Asfinawati juga menilai, atas dasar kepentingan itu lah sudah selayaknya laporan atas dugaan gratifikasi menjadi prioritas dari kepolisian guna melakukan pemeriksaan.
"Namun laporan dugaan gratifikasi tersebut tidak berjalan hingga saat ini dan masih dalam proses penyelidikan," tegasnya.
Jaksa Sebut Luhut Tak Punya Saham di PT Tobacom Del Mandiri
Jaksa Penuntut Umum di Pengadilan Negeri Jakarta Timur mengungkapkan bahwa Luhut Pandjaitan tidak memiliki saham di PT Tobacom Del Mandiri
Adapun hal itu diungkapkan JPU dalam sidang perdana kasus pencemaran nama baik terdakwa Haris Azhar terhadap Luhut Binsar Pandjaitan di Pengadilan Negeri Jakarta Timur, Senin (3/4/2023).
"Saksi Fatiah telah menuduh saksi Luhut Pandjaitan sebagai pemegang saham di PT Toba Sejahtera yang seolah-olah digambarkan memiliki usaha pertambangan yang berlokasi di Kabupaten Intan Jaya, Papua," kata jaksa di persidangan.
Jaksa melanjutkan padahal saksi Luhut Pandjaitan sama sekali tidak memiliki usaha pertambangan yang berlokasi di Kabupaten Intan Jaya, Papua maupun wilayah Papua lainnya.
"Bahwa saksi Luhut Pandjaitan memang memiliki saham PT Toba Sejahtera tapi bukanlah pemegang saham PT Tobacom Del Mandiri yang merupakan anak perusahaan PT Toba Sejahtera," tegasnya.
Baca juga: Tak Puas Dengan Dakwaan Jaksa, Kubu Haris Azhar dan Fatia Maulidiyanti Akan Ajukan Eksepsi
Jaksa mengungkapkan bahwa PT Tobacom Del Mandiri pernah melakukan penjajakan kerja sama dengan PT Madinah Quarrata'ain namun tidak dilanjutkan lagi hingga saat ini.

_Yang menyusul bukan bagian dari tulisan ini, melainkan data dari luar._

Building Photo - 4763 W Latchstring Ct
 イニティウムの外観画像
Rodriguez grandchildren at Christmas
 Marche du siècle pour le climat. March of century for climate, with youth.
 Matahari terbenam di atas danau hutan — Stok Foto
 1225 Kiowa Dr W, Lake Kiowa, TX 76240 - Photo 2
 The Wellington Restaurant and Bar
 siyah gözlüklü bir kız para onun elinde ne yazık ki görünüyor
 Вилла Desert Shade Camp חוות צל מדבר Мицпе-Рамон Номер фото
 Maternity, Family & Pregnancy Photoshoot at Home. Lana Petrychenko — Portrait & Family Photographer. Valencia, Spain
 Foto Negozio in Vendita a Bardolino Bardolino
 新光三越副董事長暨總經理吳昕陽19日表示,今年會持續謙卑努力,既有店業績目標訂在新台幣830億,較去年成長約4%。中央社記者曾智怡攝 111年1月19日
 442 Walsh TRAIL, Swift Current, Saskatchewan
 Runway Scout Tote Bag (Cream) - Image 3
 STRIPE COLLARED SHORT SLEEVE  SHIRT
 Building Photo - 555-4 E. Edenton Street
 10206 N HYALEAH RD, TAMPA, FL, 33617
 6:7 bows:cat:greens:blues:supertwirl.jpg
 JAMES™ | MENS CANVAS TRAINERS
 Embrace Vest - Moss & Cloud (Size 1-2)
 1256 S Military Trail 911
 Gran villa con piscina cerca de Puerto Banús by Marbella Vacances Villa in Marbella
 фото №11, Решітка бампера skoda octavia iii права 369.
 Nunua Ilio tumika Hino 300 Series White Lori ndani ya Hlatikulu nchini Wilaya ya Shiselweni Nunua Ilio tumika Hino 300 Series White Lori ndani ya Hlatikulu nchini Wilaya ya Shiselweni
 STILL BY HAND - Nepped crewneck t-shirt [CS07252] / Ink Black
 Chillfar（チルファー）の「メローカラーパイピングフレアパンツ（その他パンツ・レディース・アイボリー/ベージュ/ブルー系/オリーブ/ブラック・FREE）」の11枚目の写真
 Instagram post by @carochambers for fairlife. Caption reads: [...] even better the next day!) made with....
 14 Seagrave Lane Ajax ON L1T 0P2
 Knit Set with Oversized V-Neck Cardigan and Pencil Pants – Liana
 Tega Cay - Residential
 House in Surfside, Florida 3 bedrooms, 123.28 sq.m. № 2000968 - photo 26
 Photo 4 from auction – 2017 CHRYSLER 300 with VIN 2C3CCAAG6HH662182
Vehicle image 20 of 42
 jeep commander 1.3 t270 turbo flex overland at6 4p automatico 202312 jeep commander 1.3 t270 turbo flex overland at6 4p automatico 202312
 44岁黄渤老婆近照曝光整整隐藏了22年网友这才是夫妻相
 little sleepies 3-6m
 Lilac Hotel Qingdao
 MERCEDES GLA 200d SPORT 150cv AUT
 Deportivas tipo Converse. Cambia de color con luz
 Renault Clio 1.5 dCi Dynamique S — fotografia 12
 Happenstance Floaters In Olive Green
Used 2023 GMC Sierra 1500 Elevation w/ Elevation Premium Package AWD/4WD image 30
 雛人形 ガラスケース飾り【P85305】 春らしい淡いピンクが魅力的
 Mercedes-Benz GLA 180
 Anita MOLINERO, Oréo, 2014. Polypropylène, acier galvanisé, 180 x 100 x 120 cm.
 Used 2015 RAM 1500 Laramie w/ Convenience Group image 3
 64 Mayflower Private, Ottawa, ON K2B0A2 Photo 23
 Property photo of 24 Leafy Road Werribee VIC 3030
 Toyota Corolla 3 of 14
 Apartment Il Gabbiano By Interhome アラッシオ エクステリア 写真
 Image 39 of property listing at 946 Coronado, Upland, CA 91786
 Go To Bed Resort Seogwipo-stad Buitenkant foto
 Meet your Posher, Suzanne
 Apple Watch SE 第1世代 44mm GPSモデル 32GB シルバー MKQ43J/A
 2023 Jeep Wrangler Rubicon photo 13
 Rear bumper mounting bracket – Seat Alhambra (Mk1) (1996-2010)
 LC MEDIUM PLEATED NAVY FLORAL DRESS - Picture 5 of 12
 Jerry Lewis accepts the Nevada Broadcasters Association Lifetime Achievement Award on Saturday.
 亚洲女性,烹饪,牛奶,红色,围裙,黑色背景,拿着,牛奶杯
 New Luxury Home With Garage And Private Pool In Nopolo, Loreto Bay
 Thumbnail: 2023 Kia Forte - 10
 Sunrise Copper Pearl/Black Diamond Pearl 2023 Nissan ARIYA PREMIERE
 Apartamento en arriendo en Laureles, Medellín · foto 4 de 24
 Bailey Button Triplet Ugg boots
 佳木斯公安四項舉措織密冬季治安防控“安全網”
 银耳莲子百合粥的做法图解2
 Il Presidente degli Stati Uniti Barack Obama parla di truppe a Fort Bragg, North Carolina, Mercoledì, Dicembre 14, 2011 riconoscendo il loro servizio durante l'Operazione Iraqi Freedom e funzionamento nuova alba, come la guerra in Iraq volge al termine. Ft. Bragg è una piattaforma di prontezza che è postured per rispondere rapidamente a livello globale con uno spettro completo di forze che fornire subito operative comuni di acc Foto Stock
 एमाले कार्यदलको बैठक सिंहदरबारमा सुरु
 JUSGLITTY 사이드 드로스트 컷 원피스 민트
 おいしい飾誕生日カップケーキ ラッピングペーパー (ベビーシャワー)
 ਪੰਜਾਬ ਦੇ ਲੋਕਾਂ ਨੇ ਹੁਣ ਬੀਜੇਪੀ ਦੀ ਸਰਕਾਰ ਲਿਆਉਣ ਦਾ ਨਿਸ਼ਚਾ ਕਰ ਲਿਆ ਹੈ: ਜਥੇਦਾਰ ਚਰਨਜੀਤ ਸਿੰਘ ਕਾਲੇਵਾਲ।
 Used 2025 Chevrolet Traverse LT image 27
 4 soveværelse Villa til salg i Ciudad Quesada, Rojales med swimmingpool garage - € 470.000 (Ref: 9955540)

"Dan PT Madinah Quarrata'ain hanya memiliki kerjasama konkret atas perjanjian pengelolaan Derewo Project dengan PT Byntech Binar Nusantara pada tanggal 23 Maret 2018 yang ditandatangani oleh Saksi Paulus selaku Direktur dan pemegang saham mayoritas PT Byntech Binar Nusantara," kata jaksa.
Jaksa melanjutkan yang bukan merupakan anak perusahaan dari PT Toba Sejahtera serta tidak pernah ada perjanjian maupun kerja sama konkret maupun tidak ditemukan adanya dokumen mengenal keikutsertaan.
"Dari PT Toba Sejahtera, PT Tobacom Del Mandiri dan PT Tambang Rasa Sejahtera dalam pengembangan Derewo Project yang dilakukan bersama PT Madinah Quarrata'ain," kata jaksa.